• **Work item**: What you output should match the data below exactly.

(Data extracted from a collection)
● ● ●

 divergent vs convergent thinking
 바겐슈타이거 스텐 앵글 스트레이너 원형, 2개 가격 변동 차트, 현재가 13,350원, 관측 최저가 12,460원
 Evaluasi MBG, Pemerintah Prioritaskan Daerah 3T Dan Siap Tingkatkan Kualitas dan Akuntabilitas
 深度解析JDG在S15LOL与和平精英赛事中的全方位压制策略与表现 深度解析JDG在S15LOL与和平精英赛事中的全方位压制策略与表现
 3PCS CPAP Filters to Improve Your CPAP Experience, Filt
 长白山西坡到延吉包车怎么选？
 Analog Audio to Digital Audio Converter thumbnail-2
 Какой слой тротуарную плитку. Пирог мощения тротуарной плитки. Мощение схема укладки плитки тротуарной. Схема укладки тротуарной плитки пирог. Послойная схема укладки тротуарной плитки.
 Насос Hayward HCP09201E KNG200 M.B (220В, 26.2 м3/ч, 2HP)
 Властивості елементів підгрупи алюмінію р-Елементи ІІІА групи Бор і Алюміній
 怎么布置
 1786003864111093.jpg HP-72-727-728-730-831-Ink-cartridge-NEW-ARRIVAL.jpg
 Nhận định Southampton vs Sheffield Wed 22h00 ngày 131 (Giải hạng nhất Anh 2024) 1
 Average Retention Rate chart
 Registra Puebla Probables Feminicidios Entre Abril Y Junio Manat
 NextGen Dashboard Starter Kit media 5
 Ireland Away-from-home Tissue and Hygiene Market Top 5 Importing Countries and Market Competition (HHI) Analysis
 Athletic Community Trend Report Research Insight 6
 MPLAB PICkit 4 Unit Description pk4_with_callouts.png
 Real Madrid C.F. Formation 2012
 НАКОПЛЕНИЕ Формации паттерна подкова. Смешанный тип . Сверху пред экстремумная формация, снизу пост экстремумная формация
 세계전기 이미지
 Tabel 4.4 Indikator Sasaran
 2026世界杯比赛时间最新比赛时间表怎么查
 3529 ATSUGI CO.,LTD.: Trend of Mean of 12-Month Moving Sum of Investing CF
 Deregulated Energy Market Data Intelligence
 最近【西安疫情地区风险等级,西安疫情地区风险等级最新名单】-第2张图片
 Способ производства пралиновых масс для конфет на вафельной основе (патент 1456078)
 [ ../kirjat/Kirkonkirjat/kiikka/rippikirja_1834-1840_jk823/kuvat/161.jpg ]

● ● ●

• **Finished exercise**:
 divergent vs convergent thinking
 바겐슈타이거 스텐 앵글 스트레이너 원형, 2개 가격 변동 차트, 현재가 13,350원, 관측 최저가 12,460원
 Evaluasi MBG, Pemerintah Prioritaskan Daerah 3T Dan Siap Tingkatkan Kualitas dan Akuntabilitas
 深度解析JDG在S15LOL与和平精英赛事中的全方位压制策略与表现 深度解析JDG在S15LOL与和平精英赛事中的全方位压制策略与表现
 3PCS CPAP Filters to Improve Your CPAP Experience, Filt
 长白山西坡到延吉包车怎么选？
 Analog Audio to Digital Audio Converter thumbnail-2
 Какой слой тротуарную плитку. Пирог мощения тротуарной плитки. Мощение схема укладки плитки тротуарной. Схема укладки тротуарной плитки пирог. Послойная схема укладки тротуарной плитки.
 Насос Hayward HCP09201E KNG200 M.B (220В, 26.2 м3/ч, 2HP)
 Властивості елементів підгрупи алюмінію р-Елементи ІІІА групи Бор і Алюміній
 怎么布置
 1786003864111093.jpg HP-72-727-728-730-831-Ink-cartridge-NEW-ARRIVAL.jpg
 Nhận định Southampton vs Sheffield Wed 22h00 ngày 131 (Giải hạng nhất Anh 2024) 1
 Average Retention Rate chart
 Registra Puebla Probables Feminicidios Entre Abril Y Junio Manat
 NextGen Dashboard Starter Kit media 5
 Ireland Away-from-home Tissue and Hygiene Market Top 5 Importing Countries and Market Competition (HHI) Analysis
 Athletic Community Trend Report Research Insight 6
 MPLAB PICkit 4 Unit Description pk4_with_callouts.png
 Real Madrid C.F. Formation 2012
 НАКОПЛЕНИЕ Формации паттерна подкова. Смешанный тип . Сверху пред экстремумная формация, снизу пост экстремумная формация
 세계전기 이미지
 Tabel 4.4 Indikator Sasaran
 2026世界杯比赛时间最新比赛时间表怎么查
 3529 ATSUGI CO.,LTD.: Trend of Mean of 12-Month Moving Sum of Investing CF
 Deregulated Energy Market Data Intelligence
 最近【西安疫情地区风险等级,西安疫情地区风险等级最新名单】-第2张图片
 Способ производства пралиновых масс для конфет на вафельной основе (патент 1456078)
 [ ../kirjat/Kirkonkirjat/kiikka/rippikirja_1834-1840_jk823/kuvat/161.jpg ]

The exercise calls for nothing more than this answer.